- Transit stations, bridges and tunnels under added guard
- City leaders put new counter-terrorism squad on alert
New York City’s police department for the first time deployed a special counter-terrorism team of more than 500 officers in the aftermath of the attacks that shook Paris Friday night, Police Commissioner Bill Bratton said Monday.
The department has about 1,500 officers -- out of 35,500 -- assigned to combat terrorism. The new, heavily-armed unit is intended to be a rapid-reaction force in the event of a terrorist attack.
“The world is changing, even as we stand here,” Bratton told members of the new detail Monday at a training facility on Randall’s Island. “The world changed dramatically over the weekend and the assignment for which you have volunteered -- there is now no more essential assignment in the world of policing in the NYPD. That threat is growing and morphing into new and dangerous directions as evidenced by the events in Paris.”
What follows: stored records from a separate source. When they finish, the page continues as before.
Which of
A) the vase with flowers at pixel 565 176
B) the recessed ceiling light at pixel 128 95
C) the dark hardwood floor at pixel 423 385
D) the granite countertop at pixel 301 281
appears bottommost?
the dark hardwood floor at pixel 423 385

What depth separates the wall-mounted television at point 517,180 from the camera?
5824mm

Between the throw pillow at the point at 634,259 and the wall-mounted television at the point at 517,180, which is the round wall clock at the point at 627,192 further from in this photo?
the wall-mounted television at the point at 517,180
For New Yorkers who experienced the bombing of the World Trade Center in 1993 and the catastrophic Sept. 11 attack that took almost 3,000 lives, increased vigilance in the aftermath of attacks overseas has become life as usual. What’s different this time is the heightened sense that New York may be the Islamic State’s next target.
“We still remain the number one terrorist target in the world, we believe,” Bratton said Sunday during an interview with ABC7 television.
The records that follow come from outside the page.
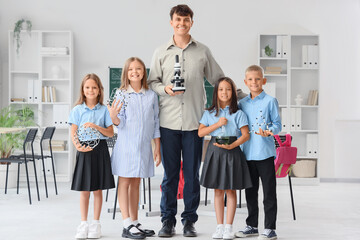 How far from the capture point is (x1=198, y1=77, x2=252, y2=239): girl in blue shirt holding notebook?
3461mm

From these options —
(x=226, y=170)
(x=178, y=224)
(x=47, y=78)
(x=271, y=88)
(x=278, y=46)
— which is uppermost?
(x=278, y=46)

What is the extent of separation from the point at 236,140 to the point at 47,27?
4805 mm

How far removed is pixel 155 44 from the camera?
7.50 metres

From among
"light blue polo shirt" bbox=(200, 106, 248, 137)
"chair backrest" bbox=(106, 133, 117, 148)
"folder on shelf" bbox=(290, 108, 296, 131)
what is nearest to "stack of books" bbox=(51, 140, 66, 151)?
"chair backrest" bbox=(106, 133, 117, 148)

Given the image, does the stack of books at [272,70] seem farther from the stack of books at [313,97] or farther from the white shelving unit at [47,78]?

Heavily armed police and National Guard troops have been posted at bridge and tunnel crossings and inside transit facilities, while mobile units patrol throughout the city. Other teams guard iconic tourist attractions such as Times Square, religious institutions and the French consulate in Manhattan.
“You are now part of the front line of this city’s response to terrorism,” Mayor Bill de Blasio told the officers Monday.
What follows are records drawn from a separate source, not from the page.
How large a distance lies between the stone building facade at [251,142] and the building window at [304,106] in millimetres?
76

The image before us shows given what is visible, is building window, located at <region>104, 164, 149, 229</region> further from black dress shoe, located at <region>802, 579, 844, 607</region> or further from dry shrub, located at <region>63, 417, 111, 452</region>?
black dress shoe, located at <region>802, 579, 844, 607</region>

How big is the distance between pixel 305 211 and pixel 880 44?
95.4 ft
NYPD has had counter-terrorism specialists assigned to Paris and other cities around the world for more than a decade, and they are working with local law enforcement to learn all they can about the resources, tactics and strategies used in Friday’s attack, Bratton said.
“All of them were equipped with these suicide vests -- which are of great concern if you’re asking your officers to rush in,” Bratton said in the ABC7 interview. “We’ll want to know the ballistic capabilities of those vests; how far do those projectiles spew out? In terms of the communications they used, what types of phones were they using?”
The attackers also communicated using devices with encryption technology intelligence agencies can’t monitor, Bratton said.
Ever since November 2008 in Mumbai, where Pakistani jihadists killed 164 in a shooting rampage that hit hotels, a Jewish community center, a movie theater and restaurants, New York police have worried about the vulnerability of so-called “soft-targets,” such as the venues hit in Paris Friday.